Nocerino vuole far capire cos’era Berlusconi: “Conosceva i nomi dei miei figli e dove andavano a scuola”

Antonio Nocerino è solo l'ultimo dei calciatori del Milan di Silvio Berlusconi che prova a far capire come le fortune di quella squadra leggendaria – che nelle sue diverse incarnazioni vinse tutto quello che c'era da vincere, in primis otto Scudetti e cinque Champions League – fossero legate indissolubilmente alla figura del suo presidente. L'ex centrocampista rossonero, che oggi a 40 anni vive in Florida negli Stati Uniti con la famiglia, non si riferisce ai tantissimi soldi spesi per acquistare i migliori calciatori del mondo, ma alla premura che il club aveva verso tutti i suoi giocatori (e anche le maestranze di Milanello) per permettere loro di concentrarsi solo sul fare bene in allenamento e in partita, risolvendo per loro tutti i problemi extracampo.
Silvio Berlusconi nel ricordo di Antonio Nocerino: "Aura"
Una cura che era espressione diretta della volontà di Berlusconi di accudire al meglio i suoi campioni: dal procurargli la casa dei sogni, pagandone anche l'affitto, a pagare anche tutte le bollette, a fornire l'automobile e così via. Una regola che valeva per tutti, dal primo all'ultimo. Ma Nocerino – e non solo lui – va oltre: il ricordo più indelebile è la sorpresa, a dire poco, per come un uomo così impegnato in affari e politica fosse in grado di ricordare ogni cosa di loro, facendogli sentire in questo modo la sua vicinanza empatica, non da datore di lavoro. "Una parola per Berlusconi? Aura. Conosceva i nomi dei miei figli e persino dove andavano a scuola…", spiega Antonio alla ‘Gazzetta dello Sport'.

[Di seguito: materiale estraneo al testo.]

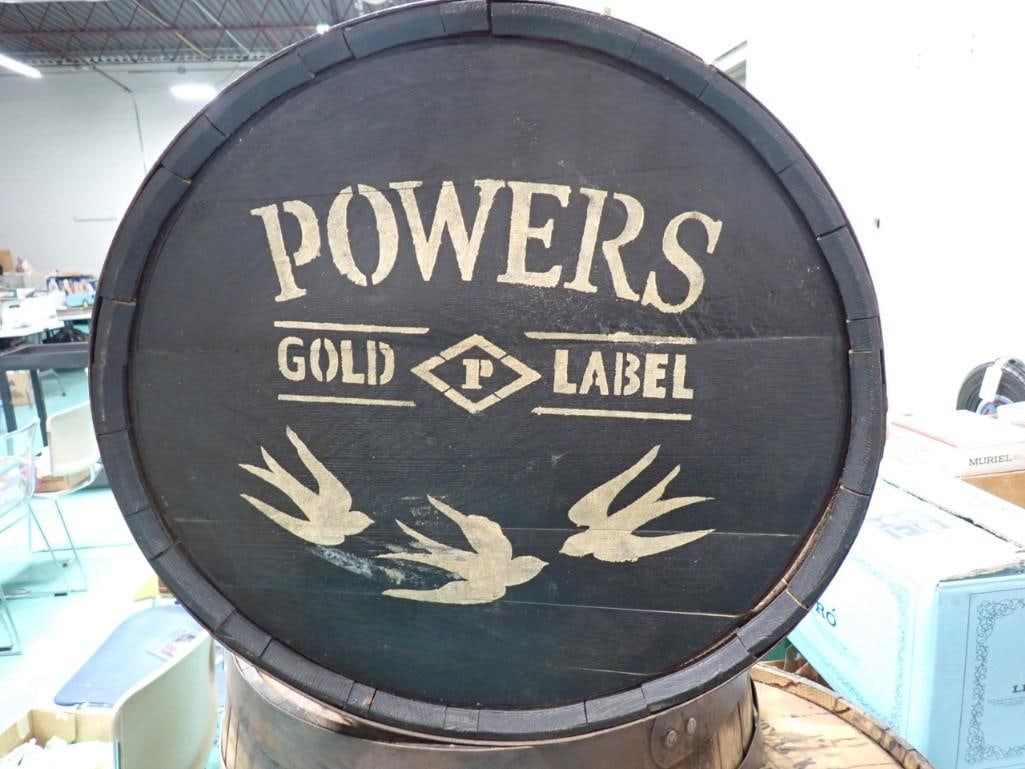Powers Gold Label Whiskey Barrel Top Wall Hanging: Powers Gold Label Whiskey Barrel Top Wall Hanging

Parole che riecheggiano quelle di Alessandro Nesta, quando aveva detto cose simili al podcast di Gianluca Gazzoli: "Un presidente che non esiste, non ce n'è una roba così. Uno che ha mille cose da fare si ricorda il nome dei tuoi genitori, si ricorda come si chiama tua moglie, magari dopo un mese che non viveva a casa perché aveva girato il mondo per affari politici. Aveva una cura delle persone, si preoccupava di tutti, cercava sempre di risolvere il problema di tutti, cercava di portare la sua energia con la sua presenza".

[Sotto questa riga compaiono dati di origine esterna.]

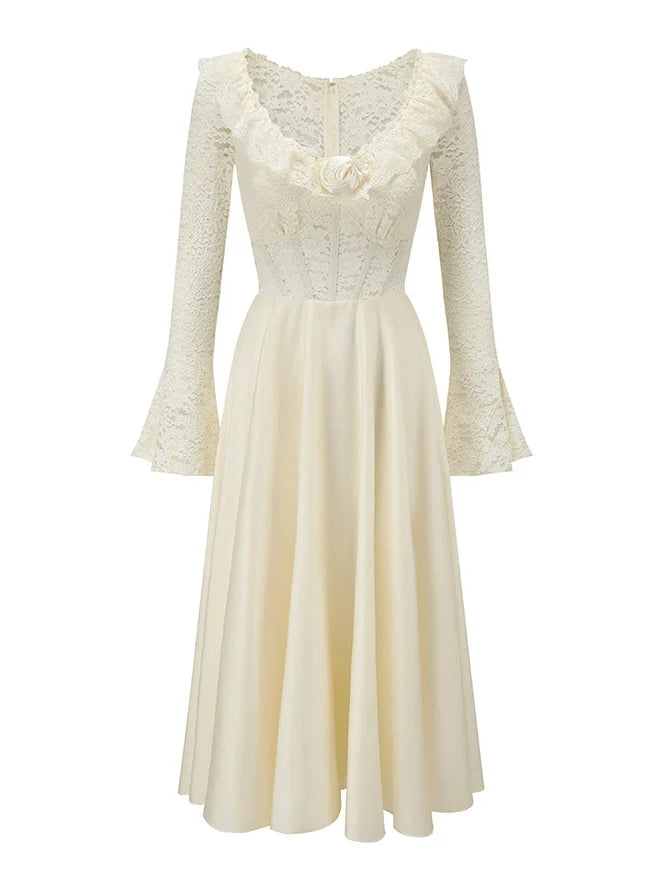 Vintage Lace Flared Sleeves Dress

Tutti i calciatori di quel Milan non possono dimenticare come erano trattati da Berlusconi
Un approccio quasi paterno, come ha ricordato nitidamente qualche tempo fa anche Demetrio Albertini. Nel 1991 l'ex metronomo del centrocampo aveva solo 20 anni, non era ancora il pilastro che sarebbe diventato (peraltro già quell'anno): "Rientrato dal prestito al Padova, mi faccio male a una caviglia. Il lunedì mattina sono a casa dei miei genitori e squilla il telefono fisso. Mi dicono: ‘È la segretaria di Berlusconi, il presidente ti vuole parlare'. Penso a uno scherzo, invece è proprio lui: ‘Demetrio, devi curarti con calma. Stai fuori due partite che gioca Ancelotti, ti riprendi e poi rientri'".

Fortissimo il legame tra Berlusconi e uno che ha scritto la Storia del suo Milan, il capitano Paolo Maldini, le cui parole si accodano a quelle di tutti gli altri che hanno vissuto quello spogliatoio in quei decenni di presidenza, dal 20 febbraio 1986 al 13 aprile 2017: "Lui mi diceva sempre che era un secondo padre. Poco prima della sua morte mi ha chiamato perché voleva fare degli scambi tra giocatori (tra Monza e Milan, ndr), mi parlava dei suoi giocatori che conosceva benissimo. Il calcio lo ha accompagnato fino all'ultimo momento, lo ha vissuto come passione e questo si trasmette".